## [YOUR GOAL]
Output the lines of the records from the one containing "AMLO ve contubernio" through the last, both ends included. Leave pictures out.

(Stored data entries)
----

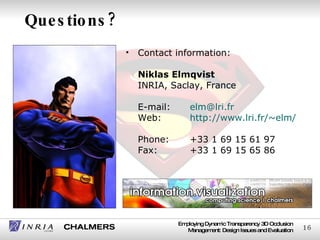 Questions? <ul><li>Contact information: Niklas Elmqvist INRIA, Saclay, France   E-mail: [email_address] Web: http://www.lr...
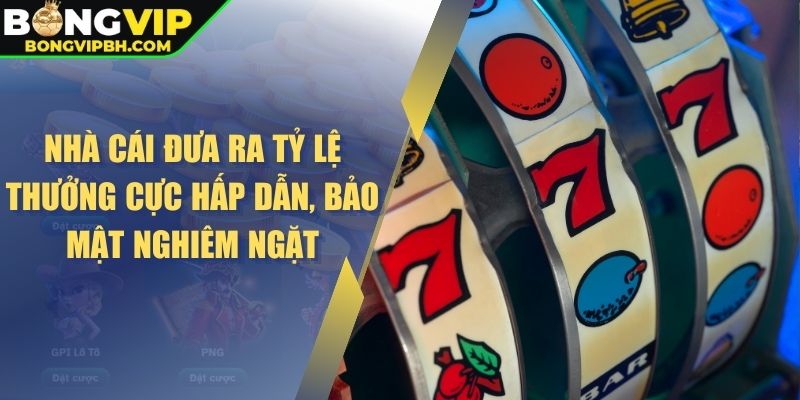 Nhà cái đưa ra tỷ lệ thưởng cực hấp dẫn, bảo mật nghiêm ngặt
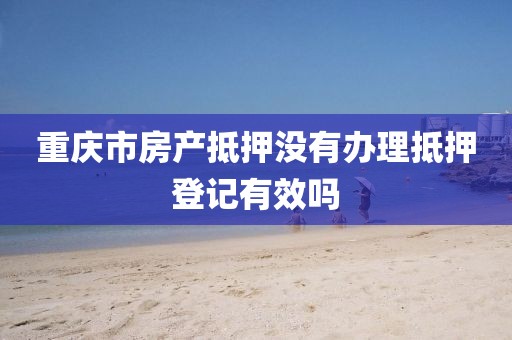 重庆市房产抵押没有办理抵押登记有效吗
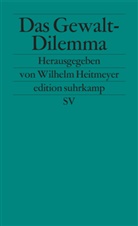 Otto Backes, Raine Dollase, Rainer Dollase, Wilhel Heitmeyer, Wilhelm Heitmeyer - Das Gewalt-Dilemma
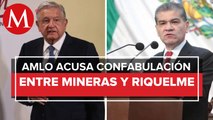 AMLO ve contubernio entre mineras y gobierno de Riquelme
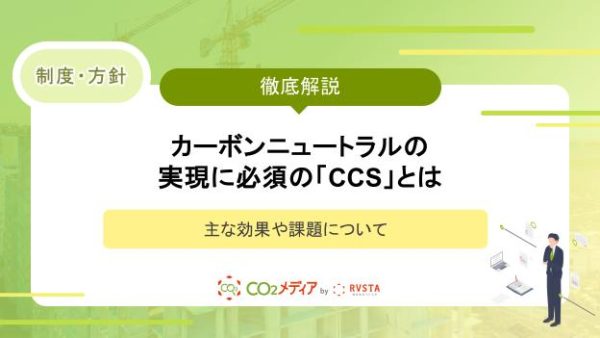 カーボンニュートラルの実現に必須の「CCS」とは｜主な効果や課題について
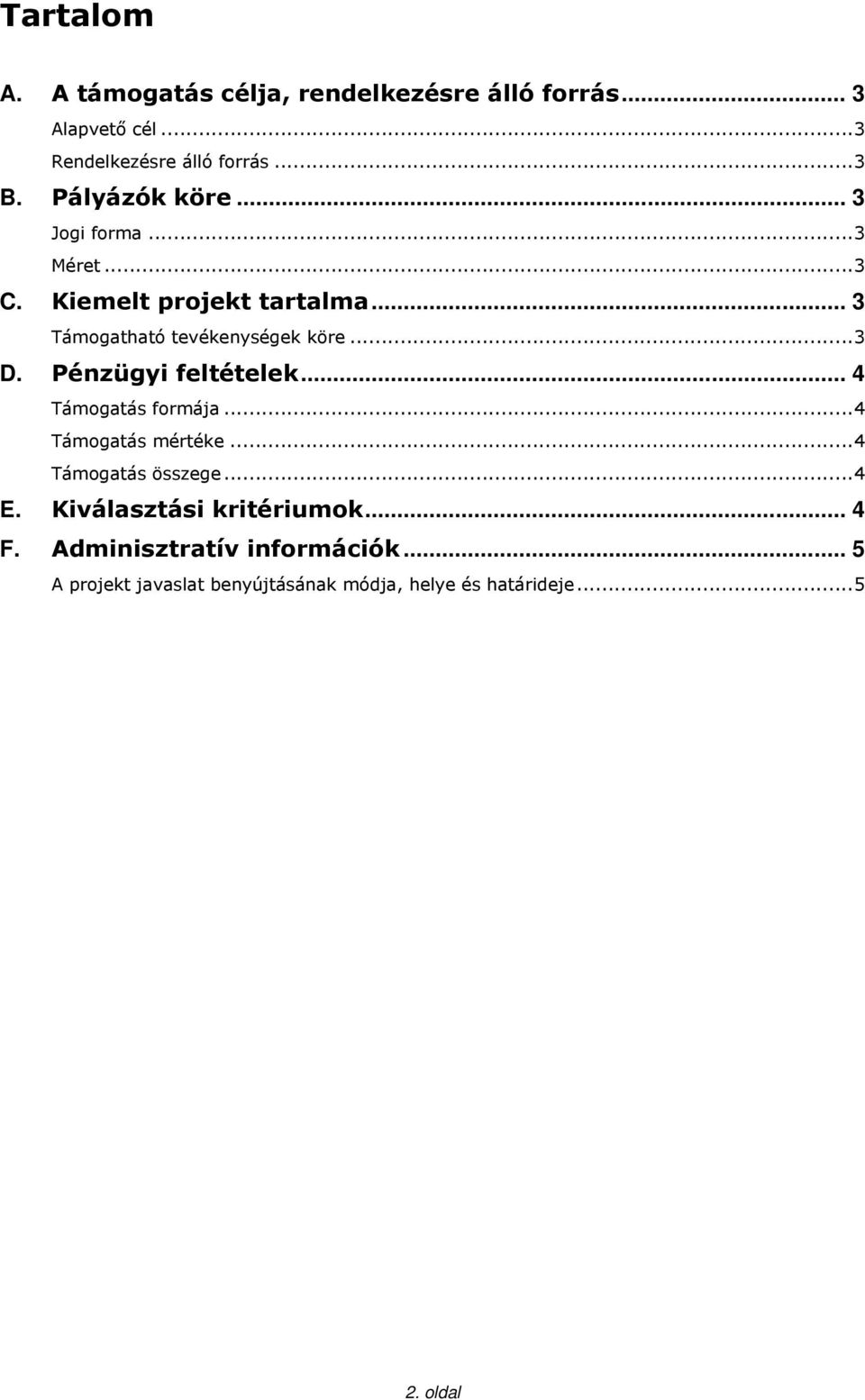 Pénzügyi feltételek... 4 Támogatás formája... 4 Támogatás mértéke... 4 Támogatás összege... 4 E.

----

## [SOLUTION TO THIS TASK]
 AMLO ve contubernio entre mineras y gobierno de Riquelme
 カーボンニュートラルの実現に必須の「CCS」とは｜主な効果や課題について
 Pénzügyi feltételek... 4 Támogatás formája... 4 Támogatás mértéke... 4 Támogatás összege... 4 E.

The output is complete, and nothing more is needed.